A sense of artificiality soon becomes pervasive as each actor in turn addresses the audience, or the air, explaining the situation at that point. Seven actors take all of the roles, which adds confusion to scene after scene especially as the ageing process is not well conveyed. Towards the end, when a new generation has arrived, portrayed by the recent dear departed without physical or notable psychological change, coherence is very shaky indeed.
The thread is drawn through all the main incidents of the novel. Heathcliffe (Andrew Josph) arrives at Wuthering Heights as a boy, to fall in love with Cathy (Corinne Martin) and be bullied by Hindley (Eugene O'Brien). Cathy marries her neighbour Edgar Lint on, Heathcliffe goes awol and returns bent on acquisition and revenge. It ends in death and frustration, but with hope for the children of the mismatched unions.

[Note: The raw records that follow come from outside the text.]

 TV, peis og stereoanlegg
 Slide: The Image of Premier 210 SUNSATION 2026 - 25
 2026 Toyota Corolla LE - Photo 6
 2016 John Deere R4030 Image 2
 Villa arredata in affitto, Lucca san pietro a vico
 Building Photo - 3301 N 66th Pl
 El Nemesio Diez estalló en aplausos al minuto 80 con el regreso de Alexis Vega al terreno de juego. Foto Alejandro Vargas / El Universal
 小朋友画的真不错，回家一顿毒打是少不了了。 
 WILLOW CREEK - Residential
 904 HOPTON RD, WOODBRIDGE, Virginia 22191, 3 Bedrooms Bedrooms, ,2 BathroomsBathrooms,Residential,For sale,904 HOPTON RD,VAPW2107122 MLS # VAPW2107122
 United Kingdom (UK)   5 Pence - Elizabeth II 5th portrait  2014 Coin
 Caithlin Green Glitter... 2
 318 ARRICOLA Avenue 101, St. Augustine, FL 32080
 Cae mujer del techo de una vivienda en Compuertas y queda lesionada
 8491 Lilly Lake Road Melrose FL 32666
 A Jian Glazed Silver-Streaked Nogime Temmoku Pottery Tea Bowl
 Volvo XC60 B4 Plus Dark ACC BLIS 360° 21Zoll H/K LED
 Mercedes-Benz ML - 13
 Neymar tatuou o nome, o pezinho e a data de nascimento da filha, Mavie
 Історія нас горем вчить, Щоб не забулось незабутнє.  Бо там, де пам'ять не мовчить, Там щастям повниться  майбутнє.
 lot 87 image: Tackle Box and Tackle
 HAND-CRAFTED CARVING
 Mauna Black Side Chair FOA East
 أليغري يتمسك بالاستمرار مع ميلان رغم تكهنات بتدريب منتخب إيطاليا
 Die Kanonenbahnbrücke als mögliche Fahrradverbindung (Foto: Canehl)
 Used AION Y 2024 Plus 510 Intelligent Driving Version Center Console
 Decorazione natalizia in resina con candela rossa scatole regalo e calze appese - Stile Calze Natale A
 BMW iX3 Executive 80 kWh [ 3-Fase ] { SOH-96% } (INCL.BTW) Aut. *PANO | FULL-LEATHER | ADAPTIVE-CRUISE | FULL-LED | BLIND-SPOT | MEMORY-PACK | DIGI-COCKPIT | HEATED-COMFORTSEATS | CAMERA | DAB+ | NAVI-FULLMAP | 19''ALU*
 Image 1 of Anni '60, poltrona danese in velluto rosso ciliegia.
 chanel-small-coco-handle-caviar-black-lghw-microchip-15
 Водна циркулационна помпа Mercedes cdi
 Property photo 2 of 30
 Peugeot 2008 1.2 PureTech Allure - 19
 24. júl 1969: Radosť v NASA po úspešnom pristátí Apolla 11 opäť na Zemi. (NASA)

At the heart of the novel is the extraordinary passion, shared by Heathcliffe and Cathy, a flame that burns beyond the grave. It is the nature of this production that the fire is banked down, smouldering beneath the unreal words uttered by the two, either as narration or as declamatory dialogue. Their characters do not have room to grow. Best served by the treatment generally are Bairbre Ni Chaoimh's housekeeper, who retains her identity throughout, Eugene O'Brien's Hindley and Natalie Stringer's Isabella.
The production should prove a useful illustration of the book to the students at whom it seems to be aimed.